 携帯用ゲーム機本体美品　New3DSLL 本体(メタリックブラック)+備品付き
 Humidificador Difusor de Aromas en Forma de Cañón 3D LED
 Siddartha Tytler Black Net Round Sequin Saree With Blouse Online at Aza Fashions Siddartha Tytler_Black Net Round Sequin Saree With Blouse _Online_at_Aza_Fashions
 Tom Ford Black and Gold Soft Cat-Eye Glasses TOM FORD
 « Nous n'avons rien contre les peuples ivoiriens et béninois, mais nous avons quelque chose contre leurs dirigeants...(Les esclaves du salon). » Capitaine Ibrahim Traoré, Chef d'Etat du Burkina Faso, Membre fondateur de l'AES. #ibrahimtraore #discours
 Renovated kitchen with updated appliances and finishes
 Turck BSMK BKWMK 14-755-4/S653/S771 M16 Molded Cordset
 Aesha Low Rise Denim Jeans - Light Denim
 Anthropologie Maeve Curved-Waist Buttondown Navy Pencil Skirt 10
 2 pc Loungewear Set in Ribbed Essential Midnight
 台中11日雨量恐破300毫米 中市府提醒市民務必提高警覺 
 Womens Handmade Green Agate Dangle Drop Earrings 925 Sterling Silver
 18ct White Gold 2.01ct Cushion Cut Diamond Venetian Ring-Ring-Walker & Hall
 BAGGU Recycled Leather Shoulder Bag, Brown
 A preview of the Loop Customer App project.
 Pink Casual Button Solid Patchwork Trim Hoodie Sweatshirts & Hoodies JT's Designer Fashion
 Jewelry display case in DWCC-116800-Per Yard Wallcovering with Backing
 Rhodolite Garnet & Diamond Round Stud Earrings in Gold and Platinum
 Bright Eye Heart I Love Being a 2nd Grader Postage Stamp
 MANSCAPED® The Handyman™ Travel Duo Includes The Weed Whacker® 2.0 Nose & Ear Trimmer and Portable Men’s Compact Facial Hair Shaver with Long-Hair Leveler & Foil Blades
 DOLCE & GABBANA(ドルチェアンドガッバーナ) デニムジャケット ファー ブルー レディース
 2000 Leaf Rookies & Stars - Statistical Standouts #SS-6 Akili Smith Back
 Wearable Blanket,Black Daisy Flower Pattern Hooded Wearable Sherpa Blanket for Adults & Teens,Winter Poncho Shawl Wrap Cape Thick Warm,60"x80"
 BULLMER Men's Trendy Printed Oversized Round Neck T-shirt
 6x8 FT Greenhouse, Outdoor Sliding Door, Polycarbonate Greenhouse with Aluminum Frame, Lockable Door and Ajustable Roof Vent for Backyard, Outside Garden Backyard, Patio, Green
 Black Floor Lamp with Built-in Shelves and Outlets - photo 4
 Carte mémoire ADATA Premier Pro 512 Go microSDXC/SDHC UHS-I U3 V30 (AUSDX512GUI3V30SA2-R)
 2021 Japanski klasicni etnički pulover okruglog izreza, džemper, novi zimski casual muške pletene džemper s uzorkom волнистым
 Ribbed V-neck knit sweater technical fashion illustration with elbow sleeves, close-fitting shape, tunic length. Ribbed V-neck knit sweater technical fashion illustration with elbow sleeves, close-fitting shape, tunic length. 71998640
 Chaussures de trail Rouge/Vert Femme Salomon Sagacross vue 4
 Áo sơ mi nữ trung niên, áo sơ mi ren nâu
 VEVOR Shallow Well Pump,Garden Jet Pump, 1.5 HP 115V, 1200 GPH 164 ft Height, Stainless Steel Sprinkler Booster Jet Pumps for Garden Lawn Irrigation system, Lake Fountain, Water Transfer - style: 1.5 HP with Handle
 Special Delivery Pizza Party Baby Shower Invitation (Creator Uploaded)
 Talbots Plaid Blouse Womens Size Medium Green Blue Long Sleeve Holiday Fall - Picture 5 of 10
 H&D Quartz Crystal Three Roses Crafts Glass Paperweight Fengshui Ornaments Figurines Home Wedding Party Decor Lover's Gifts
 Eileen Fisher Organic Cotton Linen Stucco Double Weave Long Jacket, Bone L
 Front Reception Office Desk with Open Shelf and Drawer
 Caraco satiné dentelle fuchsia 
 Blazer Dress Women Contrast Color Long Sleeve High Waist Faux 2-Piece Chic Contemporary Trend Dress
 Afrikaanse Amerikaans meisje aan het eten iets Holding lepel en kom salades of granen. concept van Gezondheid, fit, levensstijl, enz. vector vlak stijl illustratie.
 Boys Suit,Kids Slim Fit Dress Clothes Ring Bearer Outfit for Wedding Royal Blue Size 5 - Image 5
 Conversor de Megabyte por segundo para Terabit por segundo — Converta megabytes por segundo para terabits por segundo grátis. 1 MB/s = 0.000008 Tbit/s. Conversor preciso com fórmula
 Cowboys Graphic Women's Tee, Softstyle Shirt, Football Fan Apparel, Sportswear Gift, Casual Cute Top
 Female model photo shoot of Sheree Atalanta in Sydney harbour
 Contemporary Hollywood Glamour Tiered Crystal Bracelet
......
Out of the data above, give again only the lines starting at the one holding "Special Delivery Pizza" and ending at the one holding "Conversor de Megabyte", unchanged.

 Special Delivery Pizza Party Baby Shower Invitation (Creator Uploaded)
 Talbots Plaid Blouse Womens Size Medium Green Blue Long Sleeve Holiday Fall - Picture 5 of 10
 H&D Quartz Crystal Three Roses Crafts Glass Paperweight Fengshui Ornaments Figurines Home Wedding Party Decor Lover's Gifts
 Eileen Fisher Organic Cotton Linen Stucco Double Weave Long Jacket, Bone L
 Front Reception Office Desk with Open Shelf and Drawer
 Caraco satiné dentelle fuchsia 
 Blazer Dress Women Contrast Color Long Sleeve High Waist Faux 2-Piece Chic Contemporary Trend Dress
 Afrikaanse Amerikaans meisje aan het eten iets Holding lepel en kom salades of granen. concept van Gezondheid, fit, levensstijl, enz. vector vlak stijl illustratie.
 Boys Suit,Kids Slim Fit Dress Clothes Ring Bearer Outfit for Wedding Royal Blue Size 5 - Image 5
 Conversor de Megabyte por segundo para Terabit por segundo — Converta megabytes por segundo para terabits por segundo grátis. 1 MB/s = 0.000008 Tbit/s. Conversor preciso com fórmula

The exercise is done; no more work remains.